In Phase 1, SMAP 9 km Level 4 products and 250 m SAR4SM soil moisture maps were collocated with 0-5 cm ISMN observations from selected arid region stations. Because the collocation and preprocessing workflow is lengthy and requires handling large volumes of satellite data, it was not feasible to apply the full processing chain to all candidate stations. Instead, an initial subset of 10 arid-region stations was processed and screened, and based on their metadata and preliminary performance statistics, 2 representative stations were retained. Performance was quantified using Mean Deviation, Mean Absolute Error, Root Mean Square Deviation, unbiased Root Mean Square Error (ubRMSE), correlation coefficient (R), and coefficient of determination (R²). In Phase 2, 2724 historical leaks were combined with SMAP-derived soil moisture indices.
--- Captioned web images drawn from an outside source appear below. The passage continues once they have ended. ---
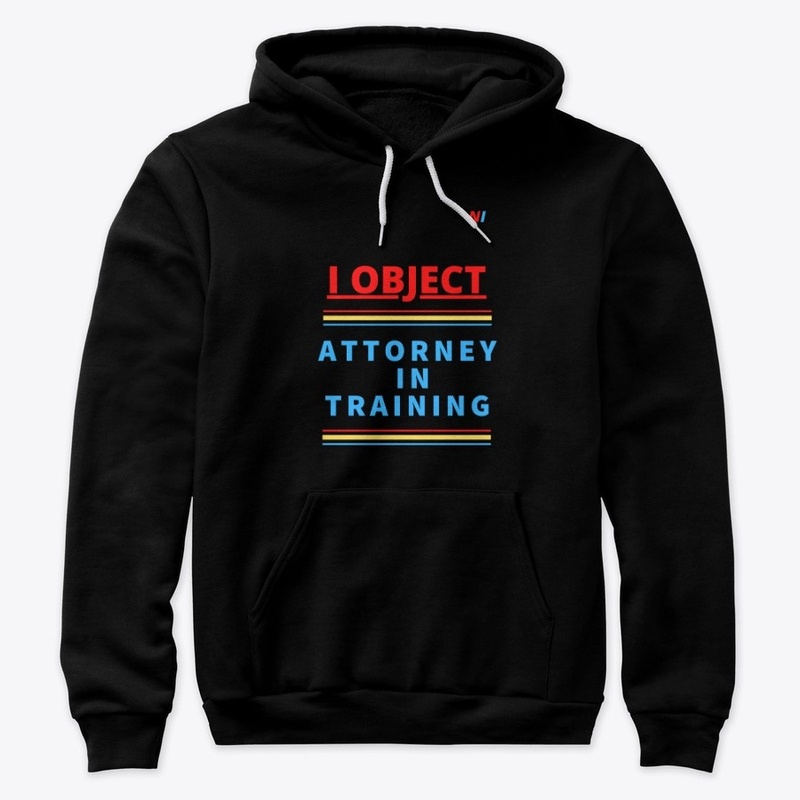 TShirt-Attorney-Lawyer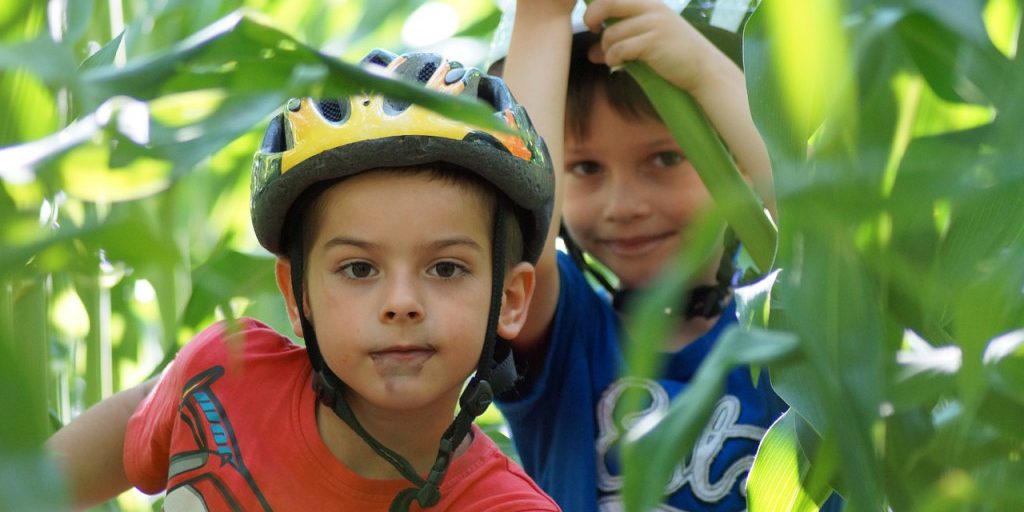 ADHS, Schule, Konzentration, Eltern, Kind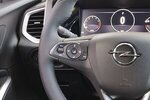 Opel Grandland X Ultimate ACC Kam SHZ LHZ Navi Matrix 5.644 km 25.740 &euro; HAAN 42781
A Gradient Boosting classifier based on pipe diameter, age, material, district, and month of occurrence was complemented by a Random Forest classifier trained on SMAP trend metrics within 11-day windows, and the two models were fused at the decision level.
Results show that at representative ISMN stations (USCRN-Mercury-3-SSW and DAHRA-DAHRA), SMAP systematically outperforms SAR4SM, with lower ubRMSE and higher R and R², indicating superior skill in reproducing in situ soil moisture dynamics. Over the full arid station ensemble, SMAP performance is strongly modulated by Köppen-Geiger climate class, elevation, and USDA soil texture: hot desert (BWh) and hot steppe (BSh) climates, moderate elevations (1080-1420 m), and loam and sand textures provide the most favorable combination of low random error and robust temporal correlation, whereas cold steppe (BSk), high elevations, and sandy loam show degraded performance. In the leak detection application, the infrastructure-only Gradient Boosting model correctly detected 104 of 139 independent leak events (74.8%), while fusion with the SMAP-based Random Forest increased correct detections to 109 of 139 events (78.4%), indicating the added value of satellite-derived soil moisture dynamics for leak identification. Overall, the study provides an assessment of advanced SSM products in arid regions and demonstrates their practical potential to support proactive leak detection and water-loss management in water-stressed environments.